- _WHAT THIS TASK INVOLVES_:
From first line to last, print the records exactly, but leave out the pictures.
+ + + + +
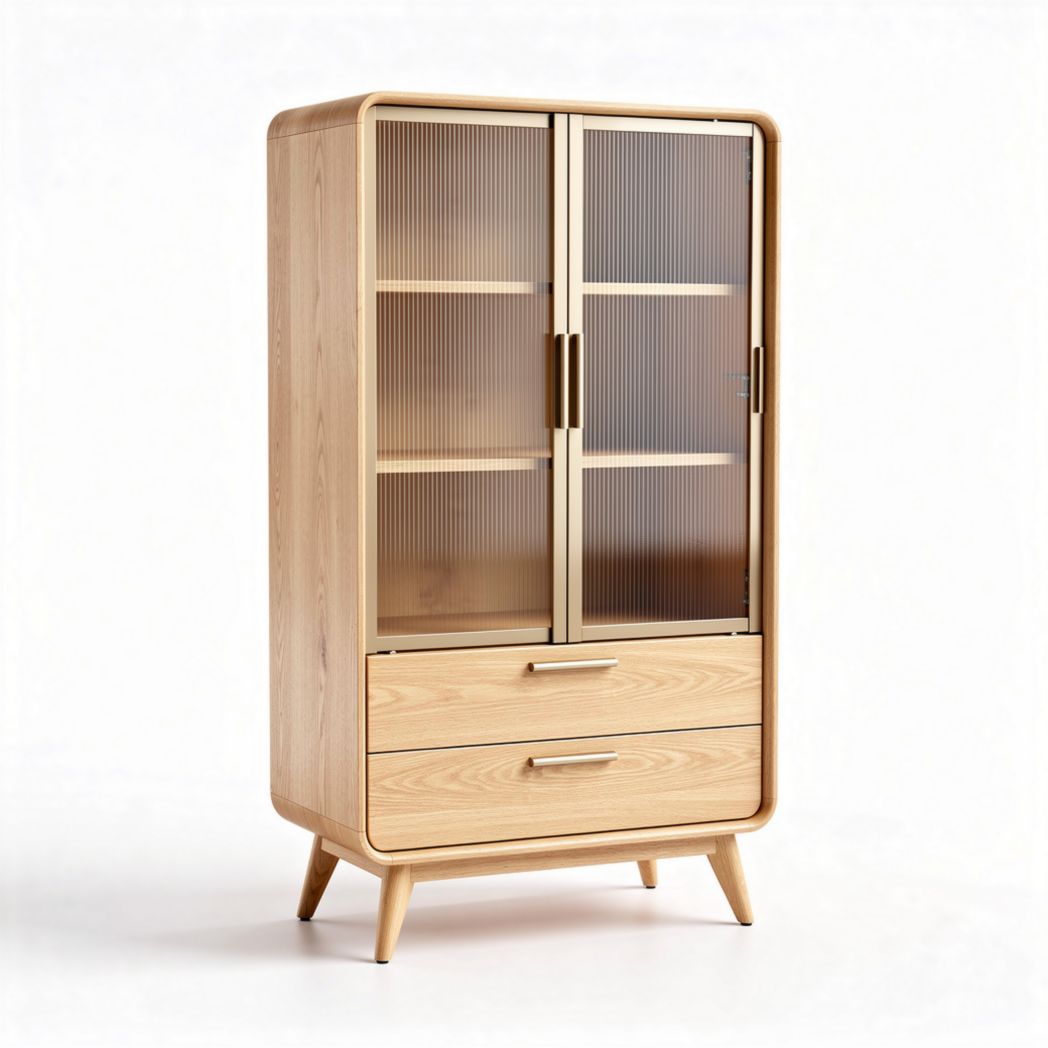 Vitrine aus hellem Holz mit zwei Schubladen und gläsernen Türen 120 x 60 x 180cm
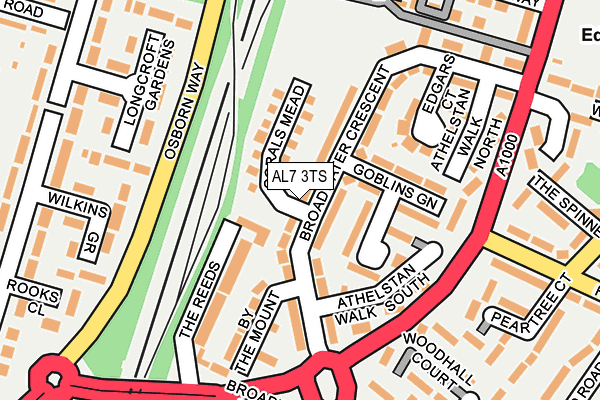 AL7 3TS map - OS OpenMap – Local (Ordnance Survey)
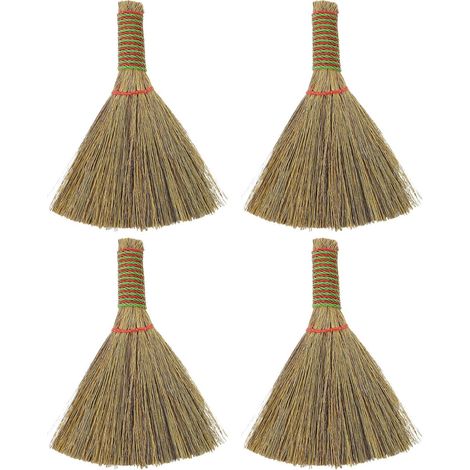 Lot de 4 mini balais à paille pour le nettoyage bureau, brosse main en (1/5)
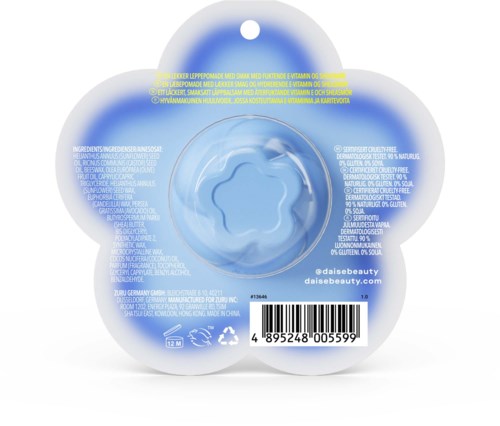 Cremé med blå gel i en rund hvid beholder med produktinformation og stregkode.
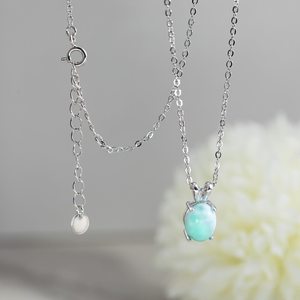 Colgante ovalado de larimar natural con engaste de plata de ley 925, collar de piedras preciosas azules para mujer, regalo. - Product Image 5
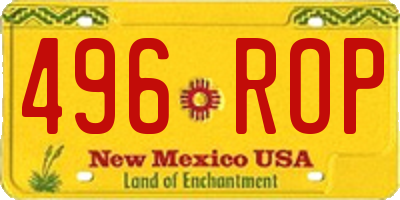 NM license plate 496ROP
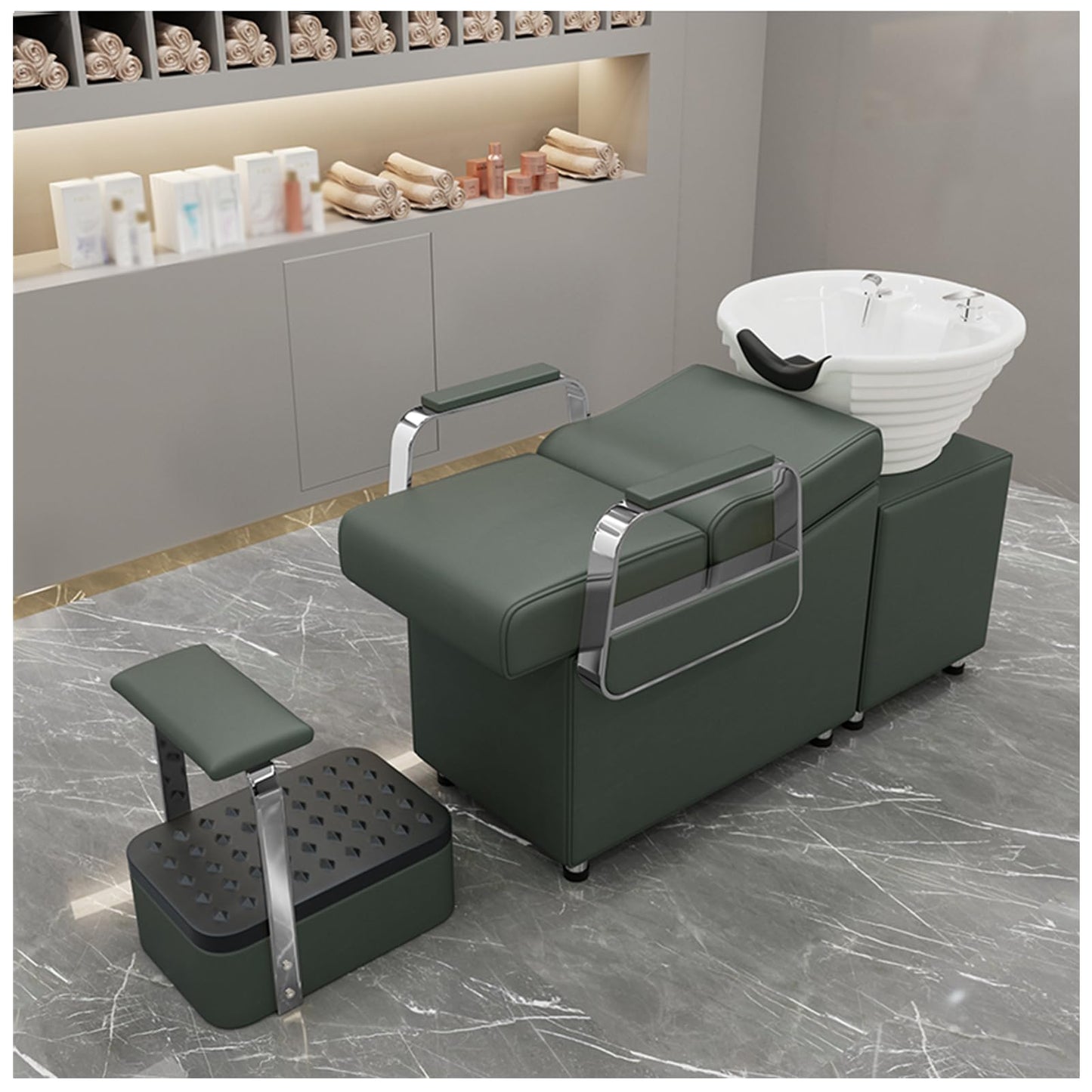 Shampoo Backwash Unit with White Porcelain Bowl, Salon Sink Hair Wash Chair Shampoo Station,Beauty Spa Massage Hairdressing Equipment,D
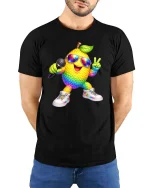 Rainbow Lemon Singer Graphic T Shirt Funny Party Vibes - model wearing black tee with hands behind back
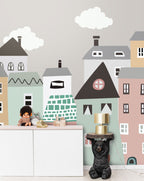 Scandinavian Houses Wallpaper : Pastel Kids Town Mural - View 6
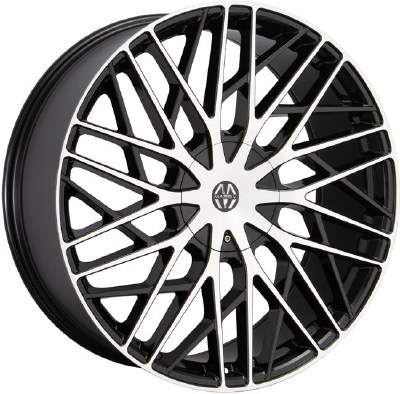 20X8.5 5-114.3 / 5-127 +38 74.1 BLACK W/ MACH FACE - EXECUTIVE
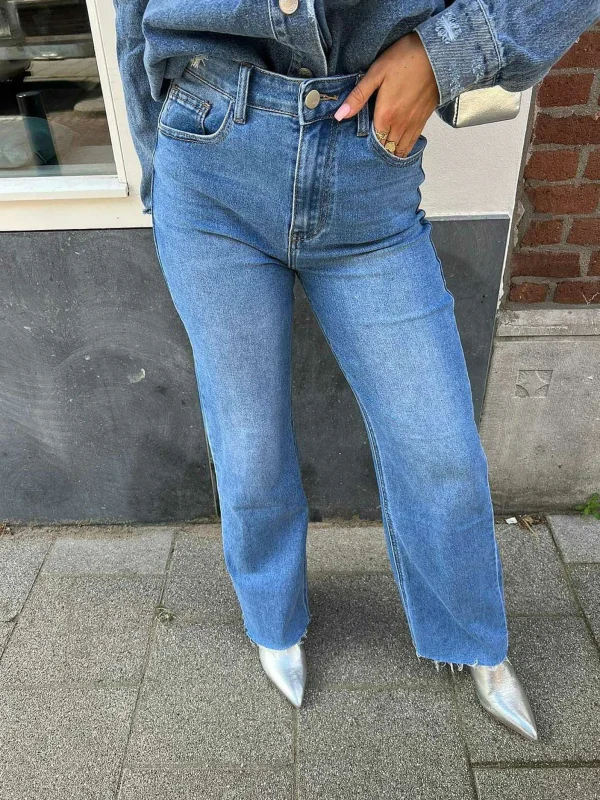 LOF Boutique Nora Extra Long Jeans Denim Blue> Broeken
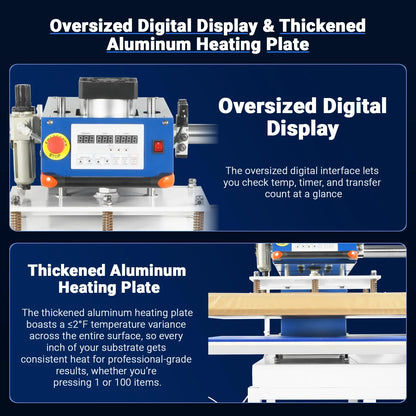 MechMaxx PUD2432 Heat Press 24x32" Industrial Pneumatic Dual Platen Auto Lift Digital Sublimation Transfer Machine 220V 8HP New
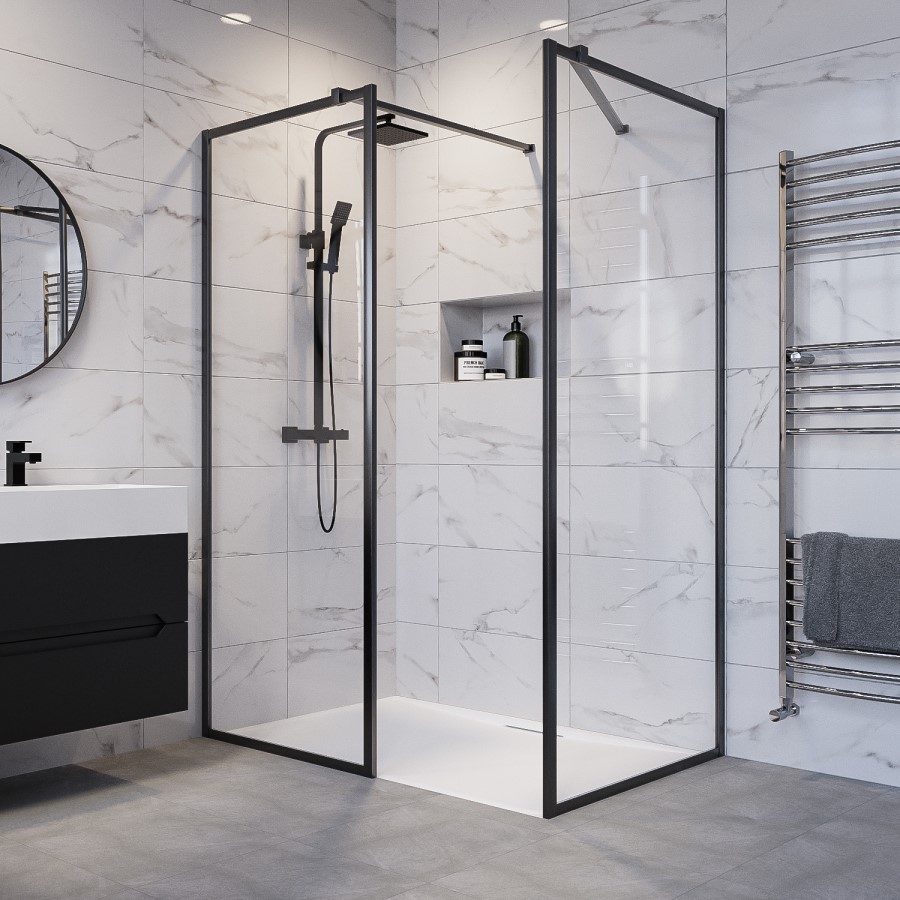 1400x900mm Black Framed Walk In Shower Enclosure and ShowerTray with Hidden Waste - Zolla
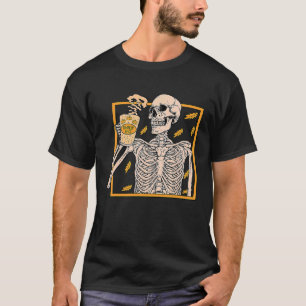Vintage Halloween Skeleton Pumpkin Spice Latte Syr T-Shirt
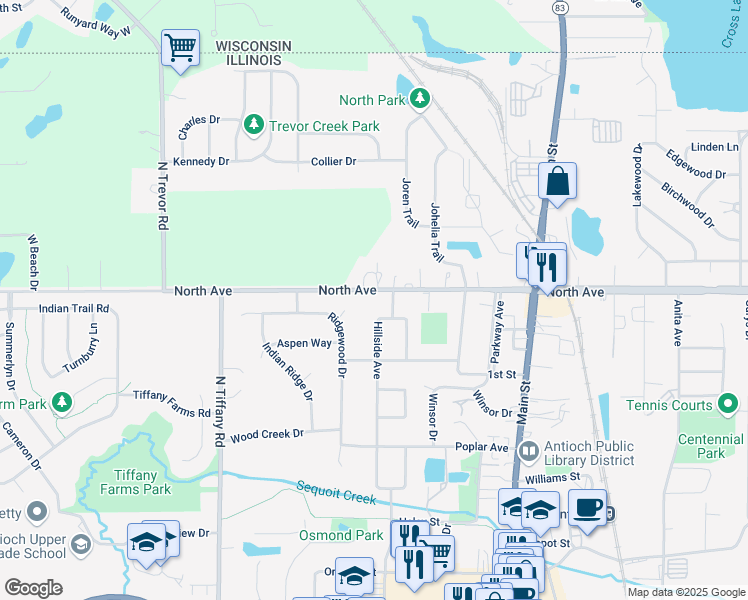 map of restaurants, bars, coffee shops, grocery stores, and more near 586 Hillside Avenue in Antioch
+ + + + +
- _RESPONSE BELOW_:
 Vitrine aus hellem Holz mit zwei Schubladen und gläsernen Türen 120 x 60 x 180cm
 AL7 3TS map - OS OpenMap – Local (Ordnance Survey)
 Lot de 4 mini balais à paille pour le nettoyage bureau, brosse main en (1/5)
 Cremé med blå gel i en rund hvid beholder med produktinformation og stregkode.
 Colgante ovalado de larimar natural con engaste de plata de ley 925, collar de piedras preciosas azules para mujer, regalo. - Product Image 5
 NM license plate 496ROP
 Shampoo Backwash Unit with White Porcelain Bowl, Salon Sink Hair Wash Chair Shampoo Station,Beauty Spa Massage Hairdressing Equipment,D
 Rainbow Lemon Singer Graphic T Shirt Funny Party Vibes - model wearing black tee with hands behind back
 Scandinavian Houses Wallpaper : Pastel Kids Town Mural - View 6
 20X8.5 5-114.3 / 5-127 +38 74.1 BLACK W/ MACH FACE - EXECUTIVE
 LOF Boutique Nora Extra Long Jeans Denim Blue> Broeken
 MechMaxx PUD2432 Heat Press 24x32" Industrial Pneumatic Dual Platen Auto Lift Digital Sublimation Transfer Machine 220V 8HP New
 1400x900mm Black Framed Walk In Shower Enclosure and ShowerTray with Hidden Waste - Zolla
Vintage Halloween Skeleton Pumpkin Spice Latte Syr T-Shirt
 map of restaurants, bars, coffee shops, grocery stores, and more near 586 Hillside Avenue in Antioch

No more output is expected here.